Three or 6 h postexposure to TPA, total RNA was extracted from the cells using Trizol reagent (Invitrogen). Total cDNAs were synthesized by ThermoScript reverse transcription-PCR system (Invitrogen). COX-2 mRNA amount presented in the cells was measured by semiquantitative reverse transcription-PCR using a pair of oligonucleotides (5′-TCCTCCTGGAACATGGACTC-3′ and 5′-GCTCGGCTTCCAGTATTGAG-3′). The control mouse β-actin mRNA was also detected by reverse transcription-PCR using the primers 5′-GACGATGATATTGCCGCACT-3′ and 5′-GATACCACGCTTGCTCTGAG-3′. The PCR products were separated on 2% agarose gels and stained with ethidium bromide; the images were then scanned from a UV light.

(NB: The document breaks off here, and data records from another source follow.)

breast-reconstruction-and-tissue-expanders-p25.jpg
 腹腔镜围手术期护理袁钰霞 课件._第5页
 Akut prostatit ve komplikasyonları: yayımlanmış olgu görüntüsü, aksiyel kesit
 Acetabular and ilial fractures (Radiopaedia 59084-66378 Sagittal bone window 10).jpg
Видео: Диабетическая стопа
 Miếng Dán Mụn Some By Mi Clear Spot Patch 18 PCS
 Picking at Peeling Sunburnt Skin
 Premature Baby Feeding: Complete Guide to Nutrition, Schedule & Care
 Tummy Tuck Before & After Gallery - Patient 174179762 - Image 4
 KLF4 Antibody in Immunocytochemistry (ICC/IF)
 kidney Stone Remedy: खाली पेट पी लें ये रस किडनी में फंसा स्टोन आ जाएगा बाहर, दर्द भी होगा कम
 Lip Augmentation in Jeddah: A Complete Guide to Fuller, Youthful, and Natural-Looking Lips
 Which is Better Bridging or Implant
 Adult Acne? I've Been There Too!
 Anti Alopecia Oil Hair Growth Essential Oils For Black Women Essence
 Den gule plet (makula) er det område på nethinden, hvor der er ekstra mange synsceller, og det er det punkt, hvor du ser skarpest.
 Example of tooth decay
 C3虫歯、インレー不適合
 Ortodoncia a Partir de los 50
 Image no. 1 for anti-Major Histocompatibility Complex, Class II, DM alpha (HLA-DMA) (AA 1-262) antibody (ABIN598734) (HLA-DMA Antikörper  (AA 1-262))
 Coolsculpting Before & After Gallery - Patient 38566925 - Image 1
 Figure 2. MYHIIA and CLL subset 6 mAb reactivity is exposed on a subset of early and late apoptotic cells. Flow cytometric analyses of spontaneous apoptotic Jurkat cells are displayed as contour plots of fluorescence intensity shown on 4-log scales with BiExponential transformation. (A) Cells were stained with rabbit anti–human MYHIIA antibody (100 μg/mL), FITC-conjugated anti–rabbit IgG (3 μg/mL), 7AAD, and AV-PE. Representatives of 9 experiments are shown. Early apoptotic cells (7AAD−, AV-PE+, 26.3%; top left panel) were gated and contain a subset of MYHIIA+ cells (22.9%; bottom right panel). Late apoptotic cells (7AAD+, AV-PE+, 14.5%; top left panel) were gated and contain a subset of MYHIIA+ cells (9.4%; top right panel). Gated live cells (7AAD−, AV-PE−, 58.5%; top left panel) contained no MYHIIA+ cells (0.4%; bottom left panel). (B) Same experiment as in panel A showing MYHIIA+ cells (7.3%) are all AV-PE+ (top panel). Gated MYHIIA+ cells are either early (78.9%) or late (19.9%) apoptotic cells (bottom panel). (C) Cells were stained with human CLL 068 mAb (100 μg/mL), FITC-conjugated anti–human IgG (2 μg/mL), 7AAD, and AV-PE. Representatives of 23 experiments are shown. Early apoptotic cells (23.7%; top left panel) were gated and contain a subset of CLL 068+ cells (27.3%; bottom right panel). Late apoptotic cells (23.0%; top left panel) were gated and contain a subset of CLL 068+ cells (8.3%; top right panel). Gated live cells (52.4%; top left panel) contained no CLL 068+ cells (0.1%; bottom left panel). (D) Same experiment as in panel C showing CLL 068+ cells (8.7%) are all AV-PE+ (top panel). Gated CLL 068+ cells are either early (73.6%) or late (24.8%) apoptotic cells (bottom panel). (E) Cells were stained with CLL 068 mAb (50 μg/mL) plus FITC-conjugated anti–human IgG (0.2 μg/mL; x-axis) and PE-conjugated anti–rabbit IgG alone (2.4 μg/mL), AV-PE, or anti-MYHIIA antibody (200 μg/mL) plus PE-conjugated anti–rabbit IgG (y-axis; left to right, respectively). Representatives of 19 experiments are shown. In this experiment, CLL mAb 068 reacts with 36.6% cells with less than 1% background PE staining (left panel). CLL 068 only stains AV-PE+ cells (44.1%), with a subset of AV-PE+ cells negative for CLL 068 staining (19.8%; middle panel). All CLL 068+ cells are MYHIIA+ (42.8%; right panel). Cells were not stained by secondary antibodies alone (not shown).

Cells were plated in six-well plates and cultured in 10% FBS-DMEM until 70% to 80% confluence. After exposure to TPA for various times as indicated in the figure legends, the cells were washed once with ice-cold PBS and collected with SDS-sample buffer (58). The cell extracts were sonicated, denatured by heating at 100°C for 5 min, and quantified with a detergent-compatible protein assay kit (Bio-Rad). Equal aliquots of cell extracts were separated on SDS-polyacrylamide gels. The proteins were then transferred to polyvinylidene difluoride membranes (Bio-Rad), blocked, and probed with one of the antibodies against COX-2 antiserum (Cayman Chemical Co.), phosphospecific c-Jun (Ser⁷³), JNKs (Thr¹⁸³/Tyr¹⁸⁵), p38 (Thr¹⁸⁰/Tyr¹⁸²), and extracellular signal-regulated kinases (Thr²⁰²/Tyr²⁰⁴), or nonphosphorylated c-Jun, JNKs, p38, extracellular signal-regulated kinases, HA, IKKα, IKKβ (Cell Signaling Technology), p65 (Santa Cruz Biotechnology), or β-actin (Sigma). Primary antibody-bound proteins were detected by using an IgG alkaline phosphatase–linked secondary antibody and an ECF Western blotting system (Amersham; ref. 59).

The Student's t test was used to determine the significance of differences of COX-2 induction and AP-1 or NF-κB activation between TPA-treated cells and medium control or among various cell lines. The differences were considered significant at P < 0.05.